A Benchmark of Classical and Deep Learning Models for Agricultural Commodity Price Forecasting on A Novel Bangladeshi Market Price Dataset

arXiv cs.LG / 4/9/2026

💬 OpinionSignals & Early TrendsIdeas & Deep AnalysisModels & Research

Key Points

  • The paper introduces AgriPriceBD, a newly released Bangladesh commodity benchmark dataset containing 1,779 daily retail mid-prices for five commodities (July 2020–June 2025) digitized from government reports using an LLM-assisted pipeline.
  • It benchmarks seven short-term forecasting methods, ranging from classical approaches (persistence, SARIMA, Prophet) to deep learning models (BiLSTM, Transformer, Time2Vec-Transformer, Informer).
  • Results show commodity price predictability is highly heterogeneous: naive persistence works best for near-random-walk commodities, while Prophet underperforms due to step-like price dynamics violating its smoothness assumptions.
  • Time2Vec temporal encoding provides no significant improvement over fixed sinusoidal encodings and can catastrophically worsen performance for green chilli (+146.1% MAE, p<0.001).
  • Informer’s sparse-attention Transformer approach yields erratic forecasts with variance up to 50x the ground truth, suggesting such models need substantially larger training sets than available in small agricultural datasets, and the authors publicly release code, data, and models for replication.

Abstract

Accurate short-term forecasting of agricultural commodity prices is critical for food security planning and smallholder income stabilisation in developing economies, yet machine-learning-ready datasets for this purpose remain scarce in South Asia. This paper makes two contributions. First, we introduce AgriPriceBD, a benchmark dataset of 1,779 daily retail mid-prices for five Bangladeshi commodities - garlic, chickpea, green chilli, cucumber, and sweet pumpkin - spanning July 2020 to June 2025, extracted from government reports via an LLM-assisted digitisation pipeline. Second, we evaluate seven forecasting approaches spanning classical models - na\"{i}ve persistence, SARIMA, and Prophet - and deep learning architectures - BiLSTM, Transformer, Time2Vec-enhanced Transformer, and Informer - with Diebold-Mariano statistical significance tests. Commodity price forecastability is fundamentally heterogeneous: na\"{i}ve persistence dominates on near-random-walk commodities. Time2Vec temporal encoding provides no statistically significant advantage over fixed sinusoidal encoding and causes catastrophic degradation on green chilli (+146.1% MAE, p<0.001).
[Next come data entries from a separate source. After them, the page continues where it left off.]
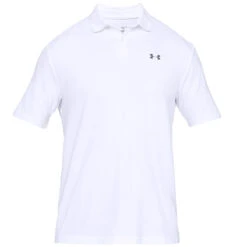 Under Armour UA Polo Performance 2 0 S9 MENS SS SMALL AQUAFOAM -Elite Golf Shop 342456 White Under Armour Performance 2.0 Polo Shirt 1 1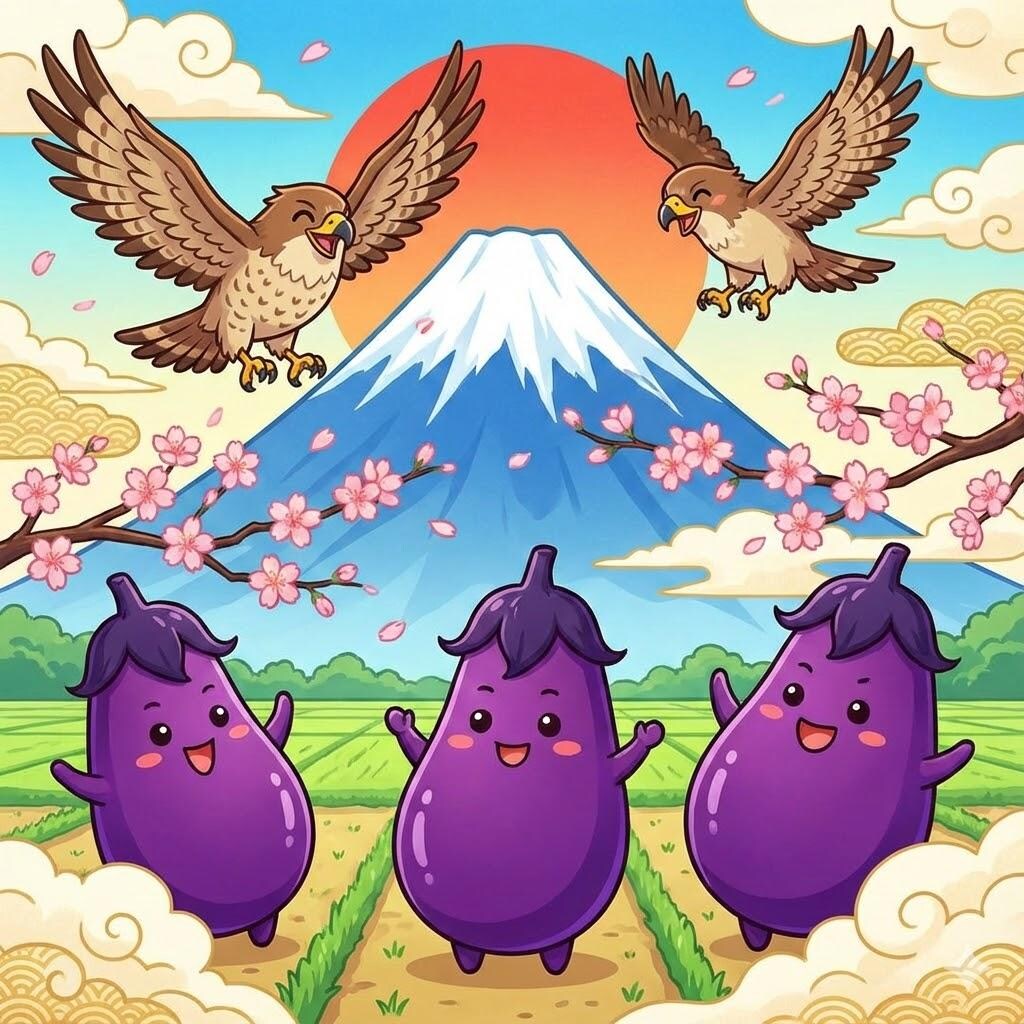 一富士二鷹三茄子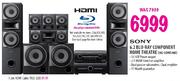 Sony 6.2 Blu-Ray Component Home Theatre System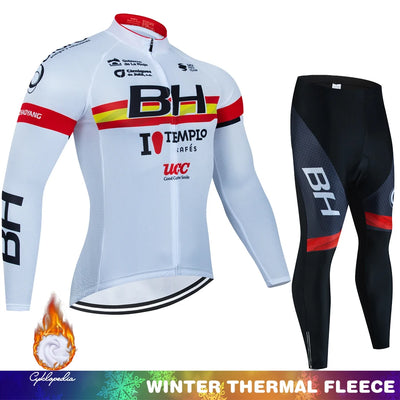BH Cycling Thermal Fleece Uniform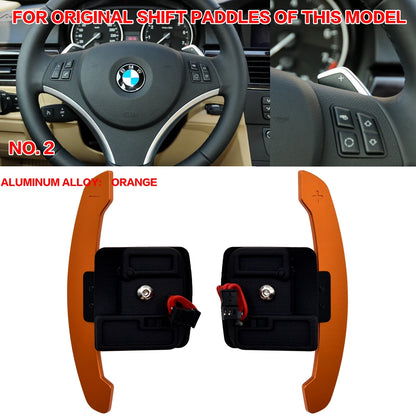 Paletas de cambio de volante magnéticas Autobahn Essentials para BMW E9x E7x – Aleación de aluminio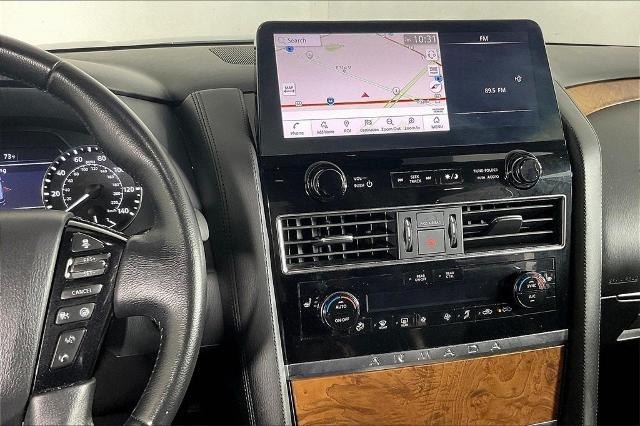 2022 Nissan Armada Vehicle Photo in Tulsa, OK 74129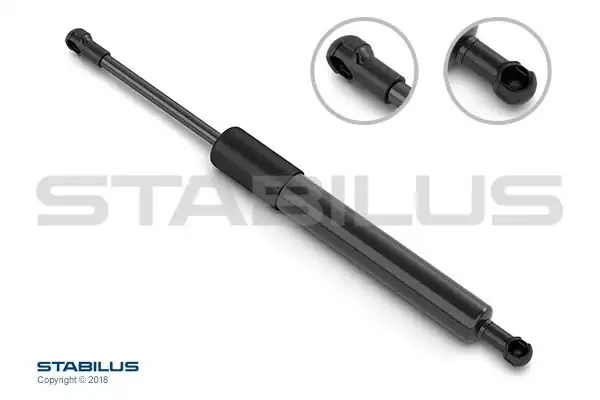 STABILUS 681167 | Bagaj Amortisörü 166 Sol Gle
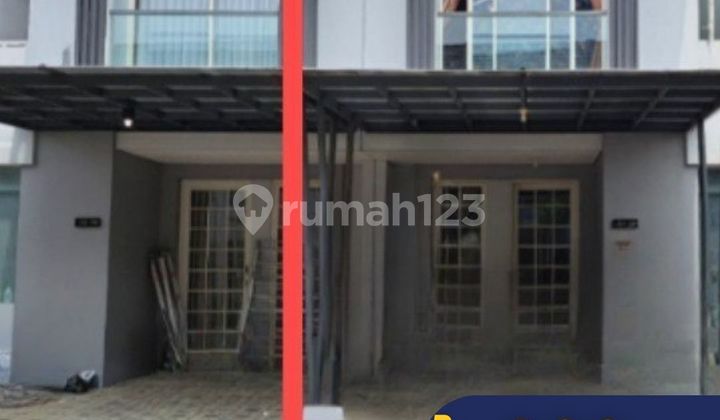 Segera Dilelang Rumah di Kawasan Grand Pakuwon - Queensland, Surabaya Barat. 1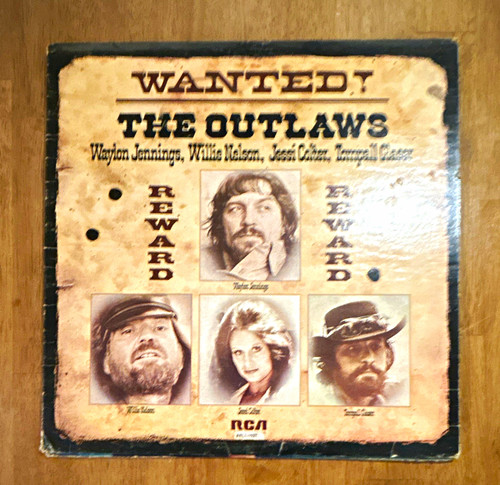 Wanted the outlaws rca - wanted!,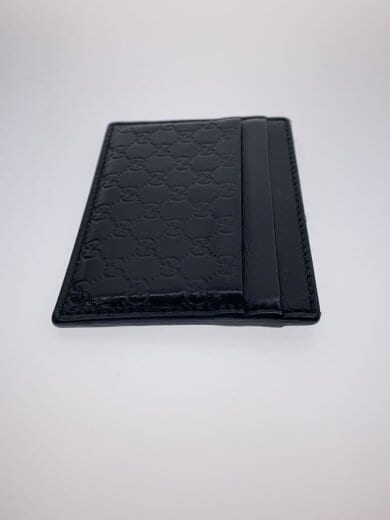 商品画像：カードケース_グッチシマ/フェイクレザー/BLK/総柄/メンズ// 5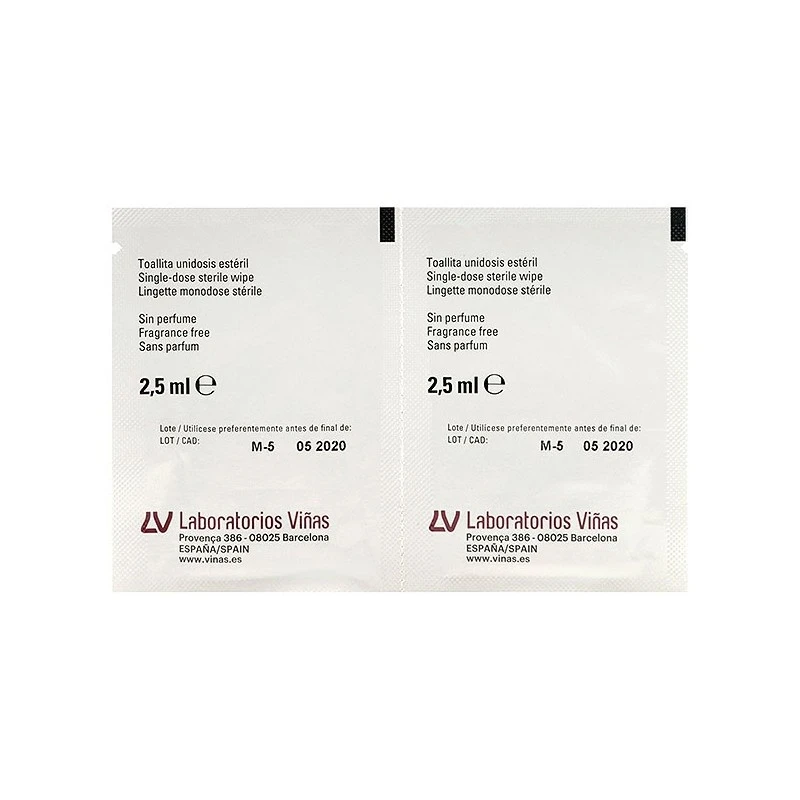 Blefarix Toallitas 50 Unidades 5 Blefarix Toallitas 50 Unidades - Imagen 3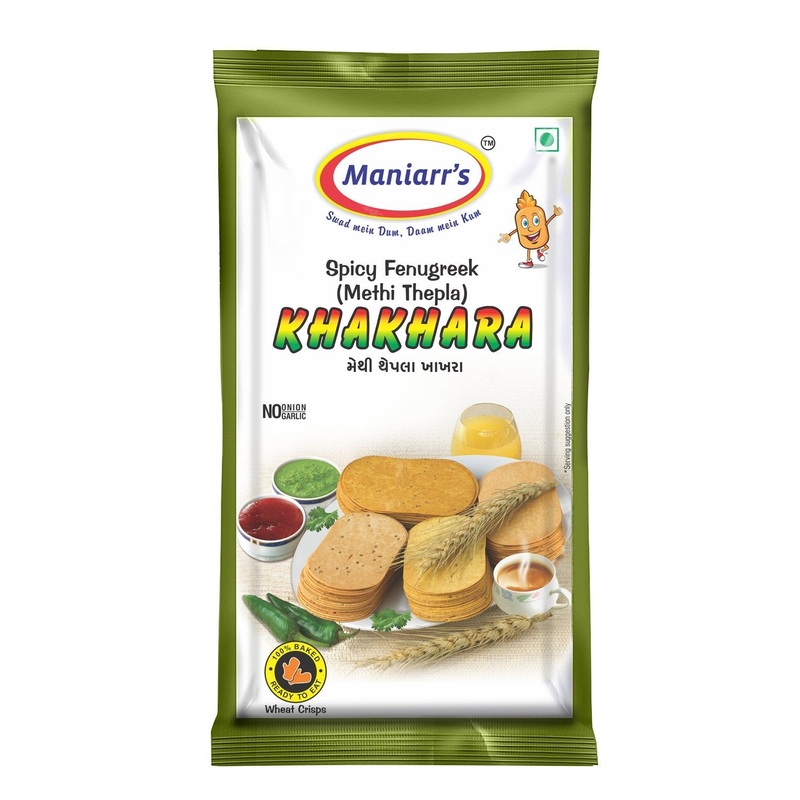 013 Methi Thepla (Pack of 8)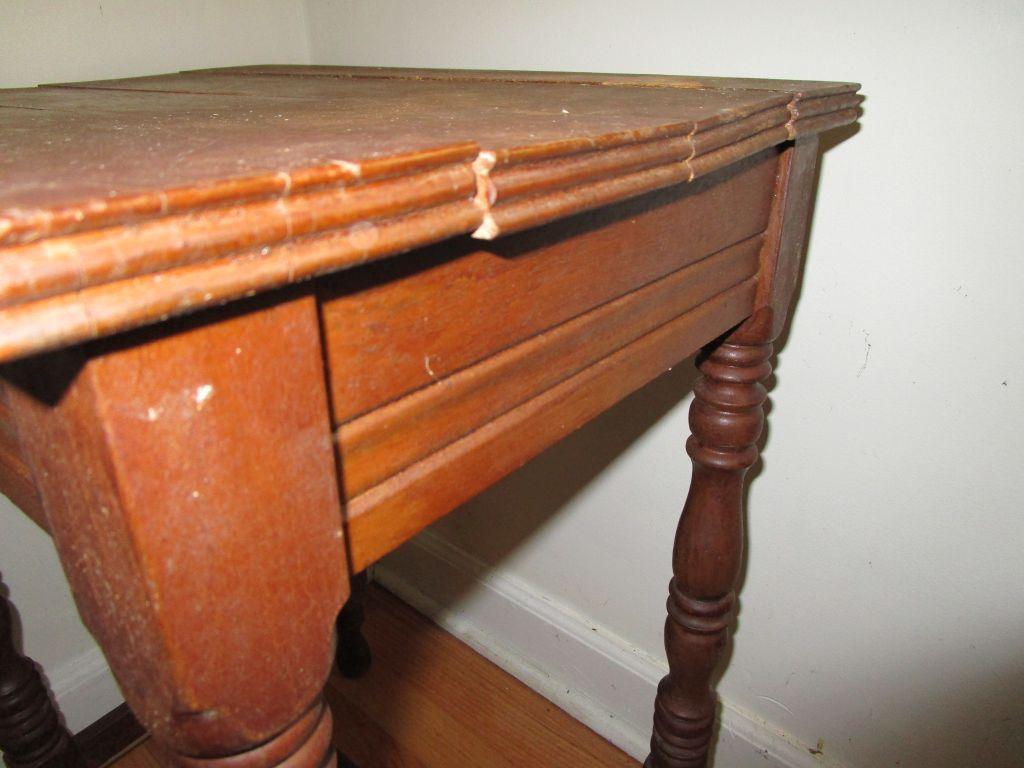 Mahogany Occasional Table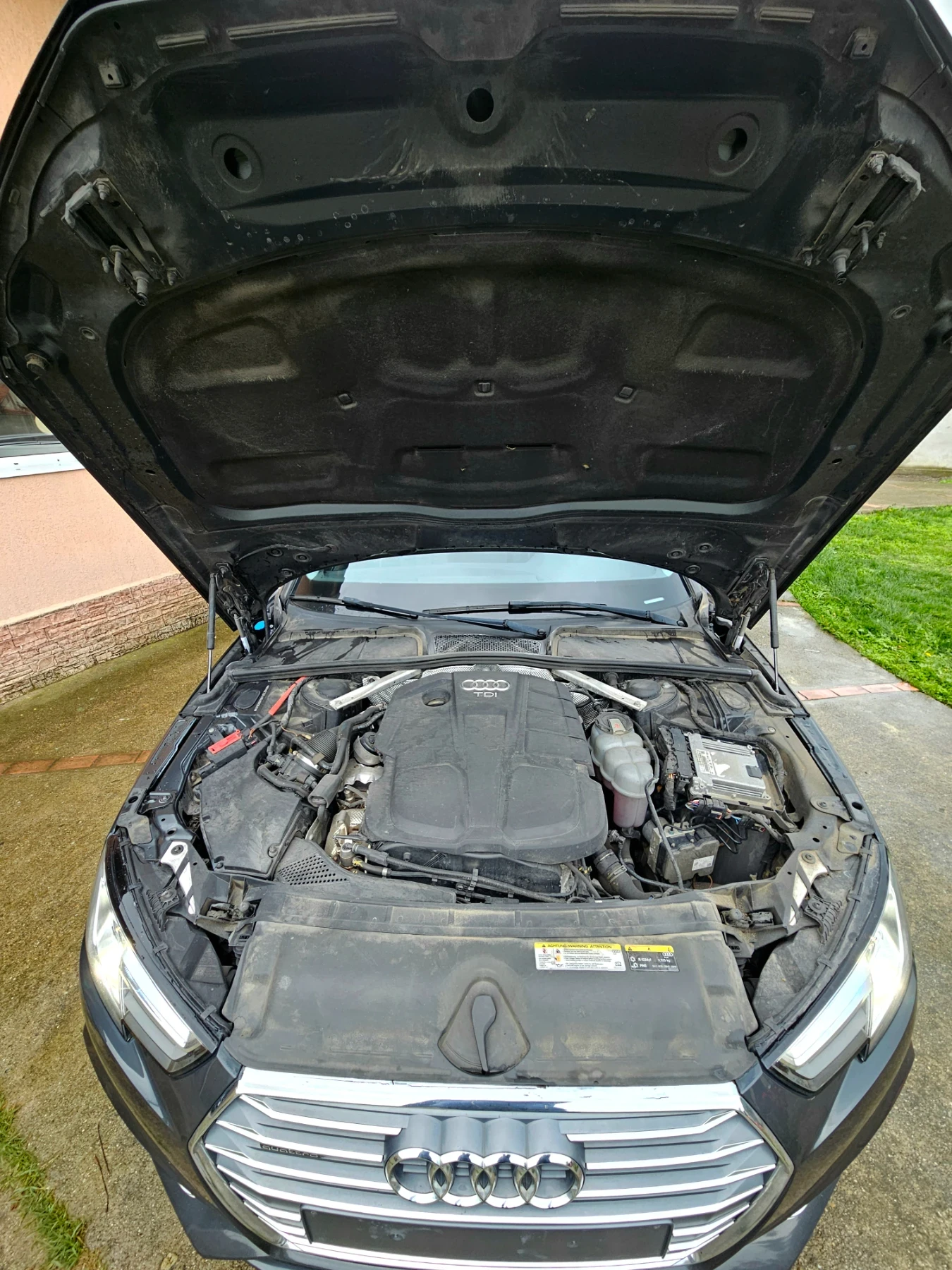 Audi A4 2.0 / 190 Quattro , снимка 9 - Автомобили и джипове - 53458208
Prophet fails systematically, attributable to discrete step-function price dynamics incompatible with its smooth decomposition assumptions. Informer produces erratic predictions (variance up to 50x ground-truth), confirming sparse-attention Transformers require substantially larger training sets than small agricultural datasets provide. All code, models, and data are released publicly to support replication and future forecasting research on agricultural commodity markets in Bangladesh and similar developing economies.